Geral

‘Alguns têm mais propensão a matar’

Luciana La Fortezza
| Tempo de leitura: 3 min

Por razões circunstanciais e predisposições culturais, temporais e de personalidade, algumas pessoas têm mais propensão a matar do que outras, segundo o psicólogo Sandro Carameshi. Ele ressalta, no entanto, que mesmo na natureza é muito pouco comum um parceiro matar o outro num contexto de relacionamento amoroso.

Ainda assim, aspectos biológicos interferem na tendência. “Homens, via de regra, são mais agressivos que as mulheres. Tem a ver com hormônios e com características de gênero. Pode acontecer da mulher matar, mas a proporção é muito menor”, explica o psicólogo, que é professor da Universidade Estadual Paulista (Unesp), câmpus de Bauru. Ao também destacar os aspectos culturais, ele lembra que em alguns países, ainda hoje, matar mulher é uma atitude aceitável.

Apenas em 2005, o adultério foi revogado do Código Penal Brasileiro como crime, cuja penalidade prevista era detenção de 15 dias e seis meses. Mas ainda nos dias atuais, o juiz tem a prerrogativa de diminuir a pena de um réu acusado de homicídio, caso o crime tenha sido cometido por motivo de relevante valor social ou moral ou ainda sob o domínio de violenta emoção, logo em seguida à injusta provocação da vítima.

Caso Bruno

A ‘novela’ com maior audiência atualmente envolve o goleiro Bruno, do Flamengo, acusado de envolvimento no desaparecimento da ex-amante Eliza Samúdio. Emblemático, o caso suscita algumas avaliações. “Ao que parece, é um sujeito que veio de um ambiente em que a violência é algo relativamente comum. Ele achou como alternativa mais fácil eliminar empecilhos da vida dele. Tinha quem assassinasse e tinha, provavelmente, uma sensação de impunidade”, comenta Carameshi.

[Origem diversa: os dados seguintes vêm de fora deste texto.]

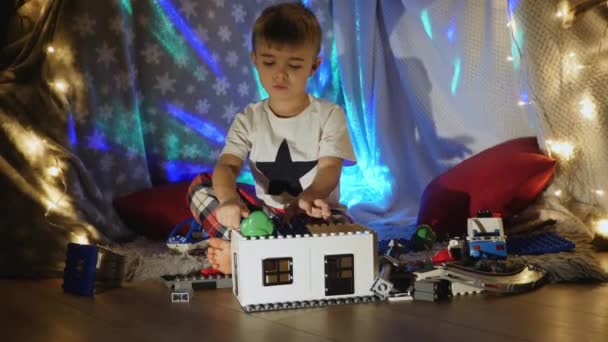 Menino brinca com construtor de plástico em casa — Vídeo de Stock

Na opinião dele, que ressalta o fato de acompanhar o caso apenas pela imprensa, no ambiente em que Bruno vivia, sumir com as pessoas deve ser algo relativamente comum. Já para a terapeuta Dirce Katayama, trata-se de um caso gritante de distúrbio de caráter. “Por essa razão, não podemos generalizar. Muitas pessoas que passam por situações semelhantes não chegam a esse ponto”, comenta, ao referir-se aos abandonos de mãe e pai sofridos por ele.

____________________

Fim do relacionamento pode provocar reações diferentes nos dois envolvidos

As separações geralmente são litigiosas porque o fim do relacionamento tem interpretações diferentes para o casal em questão. Para um é apenas o fim de um ciclo, para outro, uma perda irreparável, explica o biólogo, biomédico e antropólogo Luiz Roberto Relvas.

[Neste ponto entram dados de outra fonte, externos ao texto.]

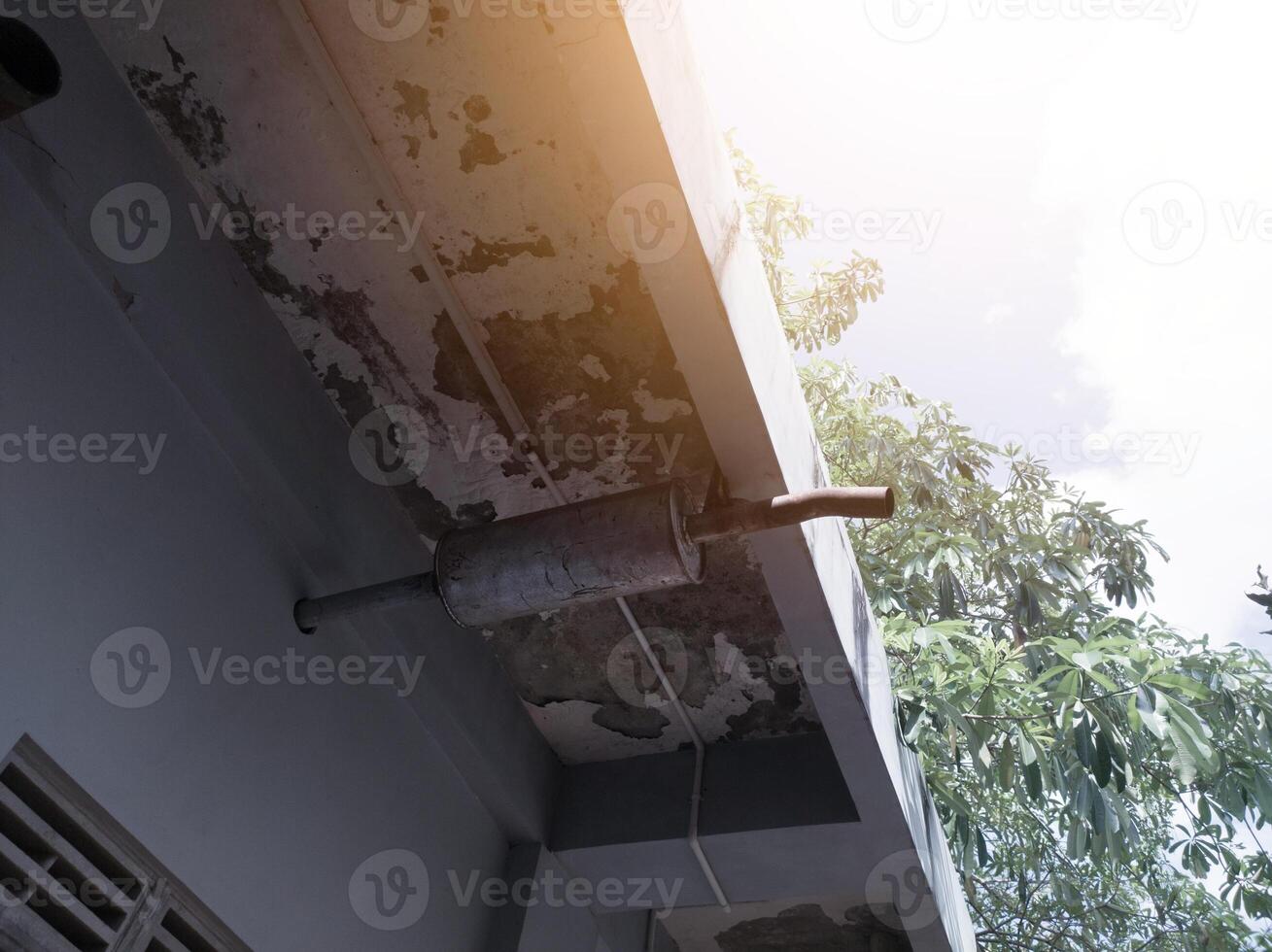Exhaust system and muffler on a engine building room. Isolated on the rooftop building power engine room, the concept of carbon gas and emissions. photo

“Existem pessoas que sabem que podem conseguir algo melhor. Outras têm certeza que aquilo era o melhor que poderiam conseguir e não podem perder”, comenta. Diante de divergência dessa natureza, alguns tomam atitudes consideradas pelo antropólogo como grotescas.

Na opinião dele, a situação poderia ser menos corriqueira se as leis no Brasil fossem menos brandas. “Nesse caso, tenho certeza que pensariam duas vezes. As pessoas têm muito medo da morte, mas não percebem as pequenas mortes. Quando o padre fala até que a morte os separe está falando de qual morte? A do amor ou das pessoas?”, questiona.

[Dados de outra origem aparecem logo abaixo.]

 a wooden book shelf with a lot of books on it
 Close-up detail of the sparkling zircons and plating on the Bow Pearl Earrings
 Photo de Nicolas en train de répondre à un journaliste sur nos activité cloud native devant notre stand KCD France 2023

Relvas acredita que muita gente se sujeite a relacionamentos desgastados também para não sair da própria zona de conforto. O preço, porém, é alto. “No início, a gente sempre acha que aquela pessoa é bonita, legal, gostosa, tem um certo status. Depois, não é tudo isso, mas o preço ficou muito alto. As pessoas passam a viver conforme a expectativa dos outros, o que nos impede de lidar com o nosso verdadeiro potencial. Alguns casais em crise acham melhor tapar os olhos e prolongar o ciclo que já se fechou”, avalia.

Dentro desse contexto, curiosamente, os jovens dão prioridade a amores sem compromisso, praticamente descartáveis. “Antigamente, ‘ficar’ era não ir a lugar nenhum. Hoje é a queima de uma etapa, um carinho sem compromisso”, finaliza.